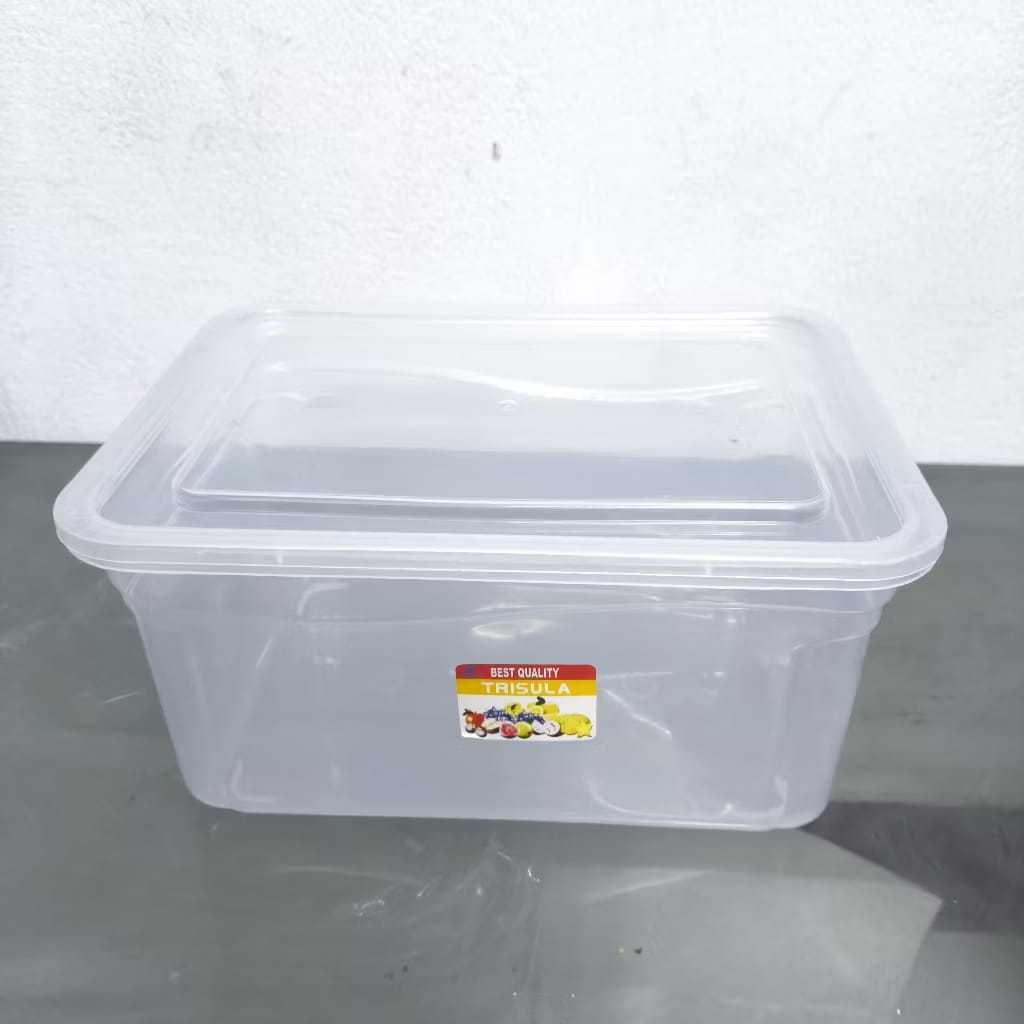 TOPLES KMP TRISULA MUTIARA 1800 ML FOOD BOX KOTAK WADAH MAKANAN BENING SERBAGUNA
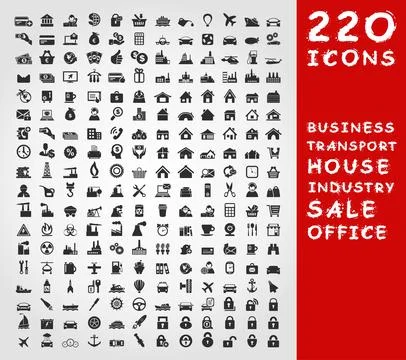 Collection of icons2 Fotos de archivo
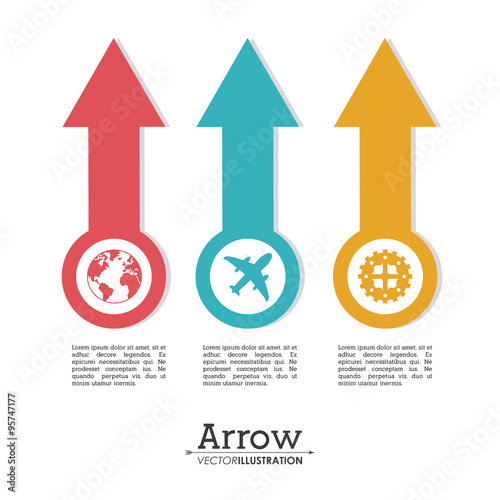 Arrow shape design 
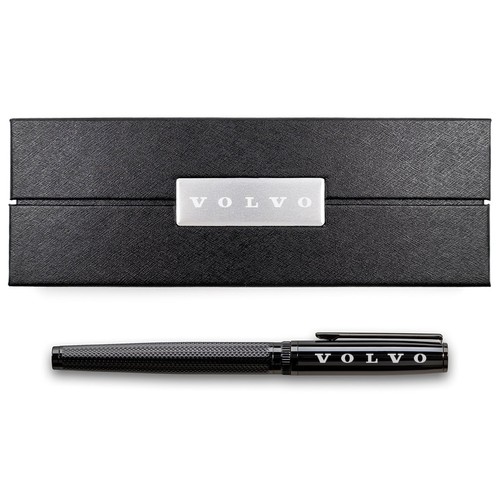 Coffret cadeau de stylos métalliques de luxe (à capuchon), objet publicitaire personnalisé avec votre logo.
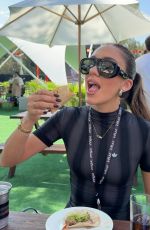 LUANA BARRON at F1 Race in Mexico City 10/26/2025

####################

Your assignment ->
Leave every picture out, and transcribe the data above exactly as it reads.

Solution to the problem ->
 TOPLES KMP TRISULA MUTIARA 1800 ML FOOD BOX KOTAK WADAH MAKANAN BENING SERBAGUNA
 Collection of icons2 Fotos de archivo
 Arrow shape design 
 Coffret cadeau de stylos métalliques de luxe (à capuchon), objet publicitaire personnalisé avec votre logo.
 LUANA BARRON at F1 Race in Mexico City 10/26/2025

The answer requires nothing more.